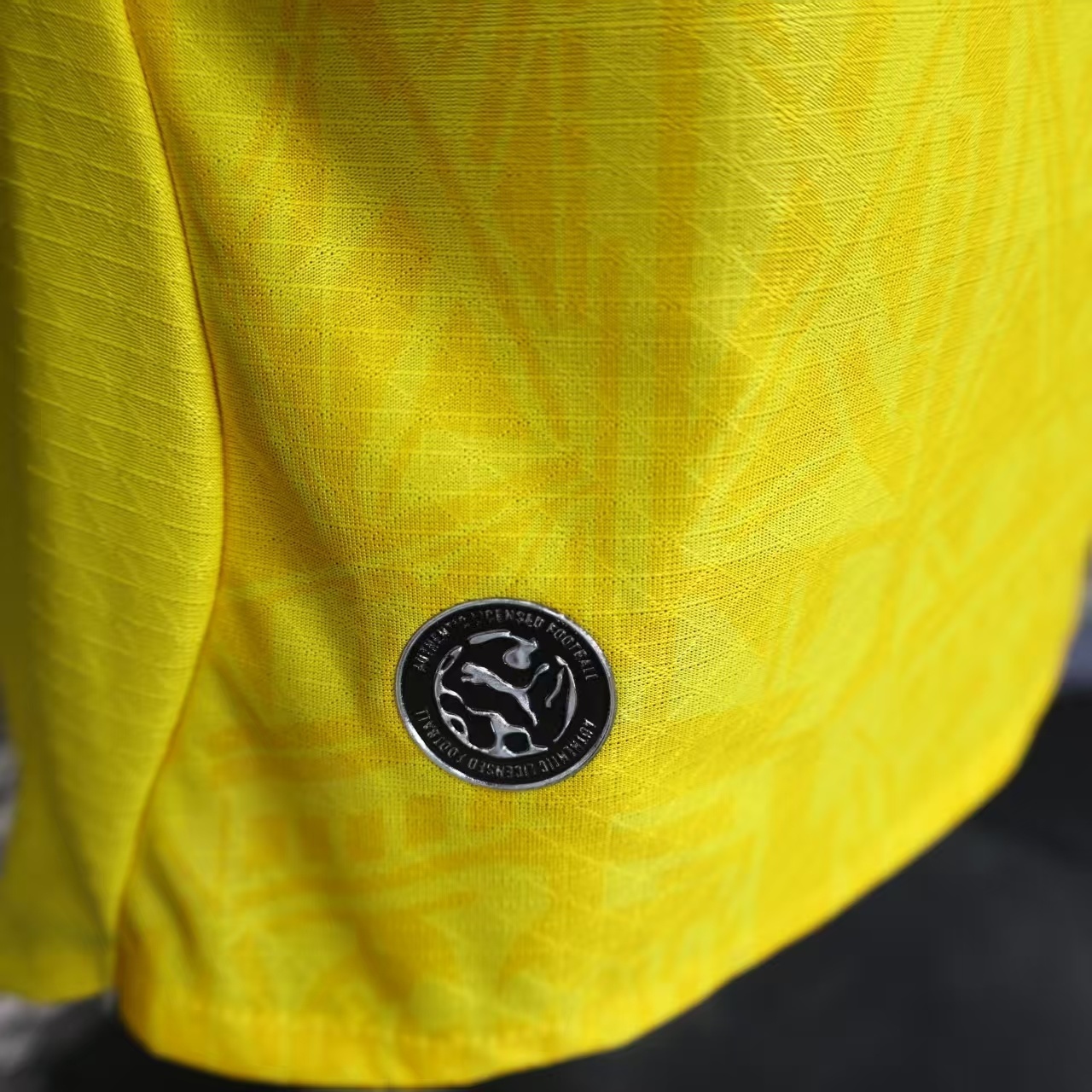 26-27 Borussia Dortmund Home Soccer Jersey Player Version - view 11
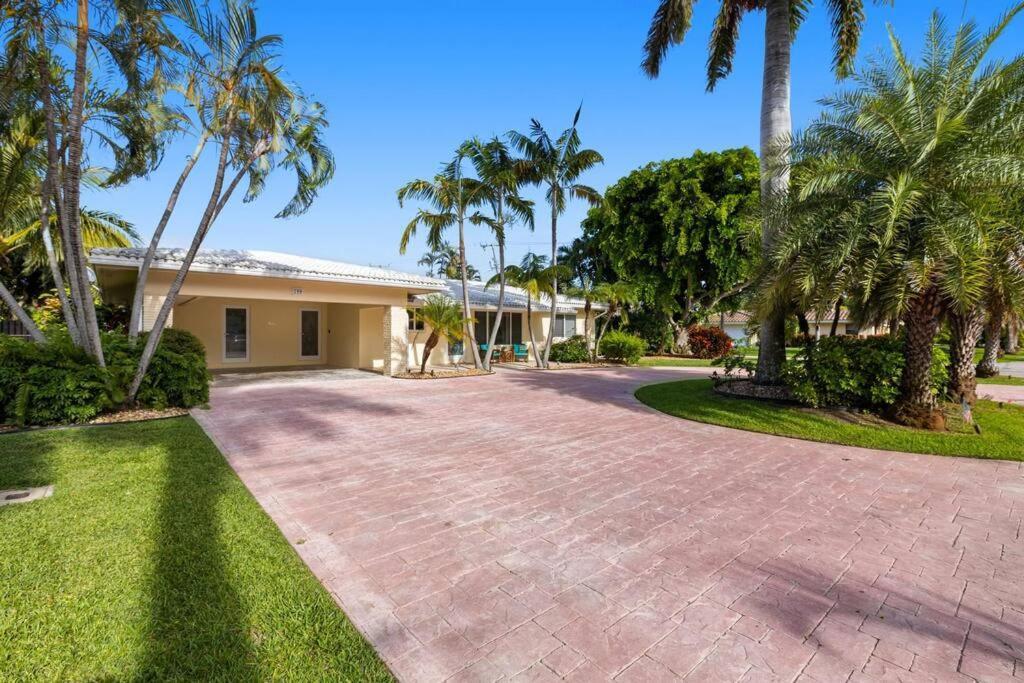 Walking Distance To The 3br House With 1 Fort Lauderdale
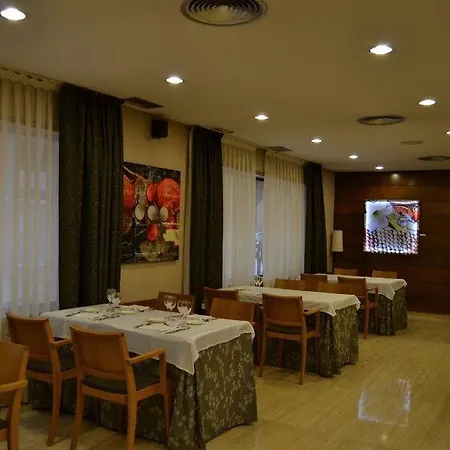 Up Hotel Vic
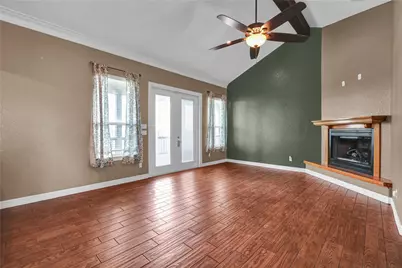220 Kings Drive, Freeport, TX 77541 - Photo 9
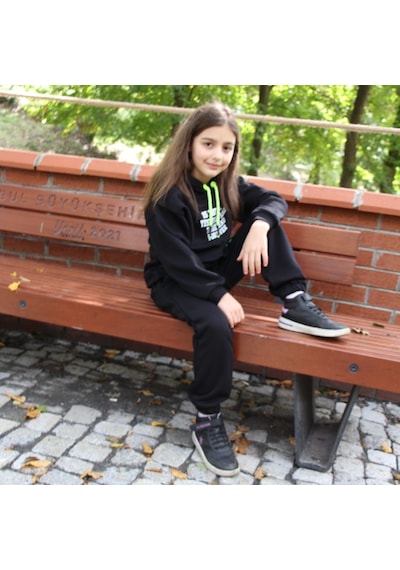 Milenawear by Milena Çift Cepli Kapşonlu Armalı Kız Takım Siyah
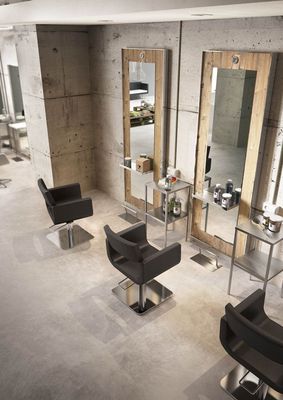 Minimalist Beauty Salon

☆ ☆ ☆ ☆ ☆ ☆ ☆

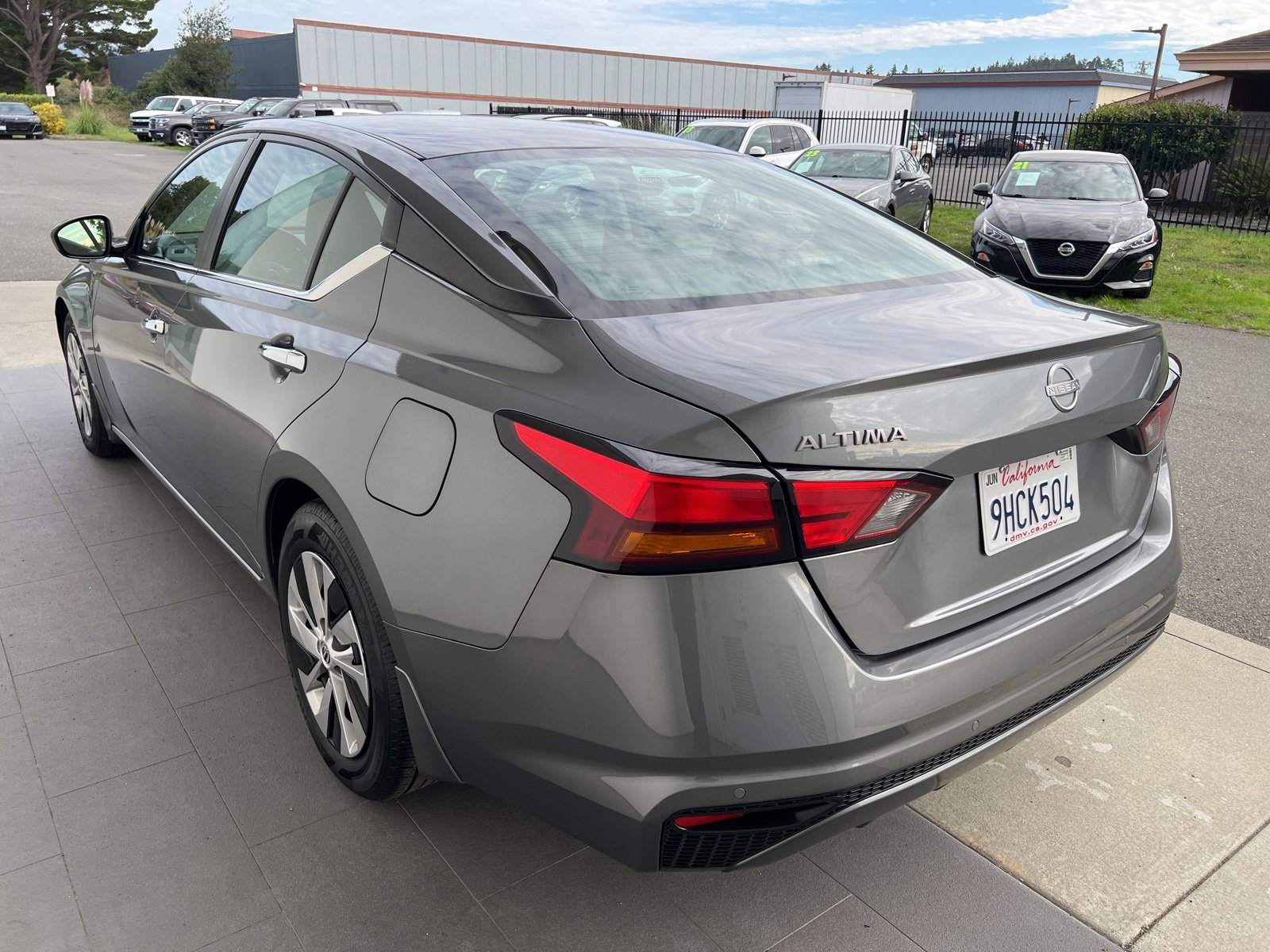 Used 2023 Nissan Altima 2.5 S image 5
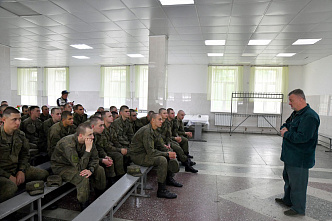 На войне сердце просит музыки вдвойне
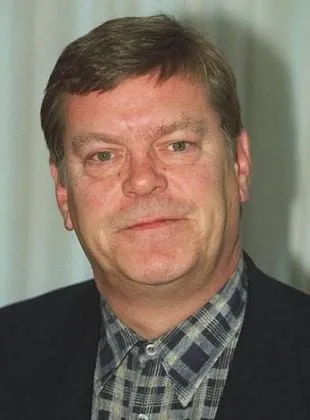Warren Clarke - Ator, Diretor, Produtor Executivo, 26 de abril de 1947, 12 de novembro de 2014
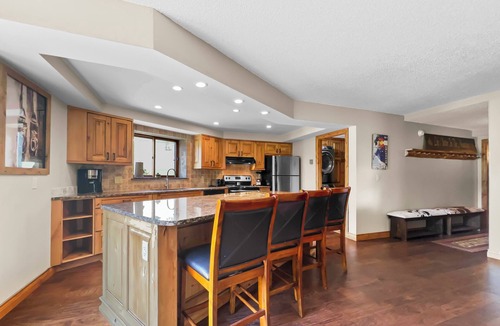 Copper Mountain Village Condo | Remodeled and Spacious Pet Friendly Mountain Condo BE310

☆ ☆ ☆ ☆ ☆ ☆ ☆

WHAT THE TASK REQUIRES - In the data above, the stretch from the line with "26-27 Borussia Dortmund" through the line with "Minimalist Beauty Salon" is to be returned exactly, minus any pictures.

REPLY TO THE TASK -
 26-27 Borussia Dortmund Home Soccer Jersey Player Version - view 11
 Walking Distance To The 3br House With 1 Fort Lauderdale
 Up Hotel Vic
220 Kings Drive, Freeport, TX 77541 - Photo 9
 Milenawear by Milena Çift Cepli Kapşonlu Armalı Kız Takım Siyah
 Minimalist Beauty Salon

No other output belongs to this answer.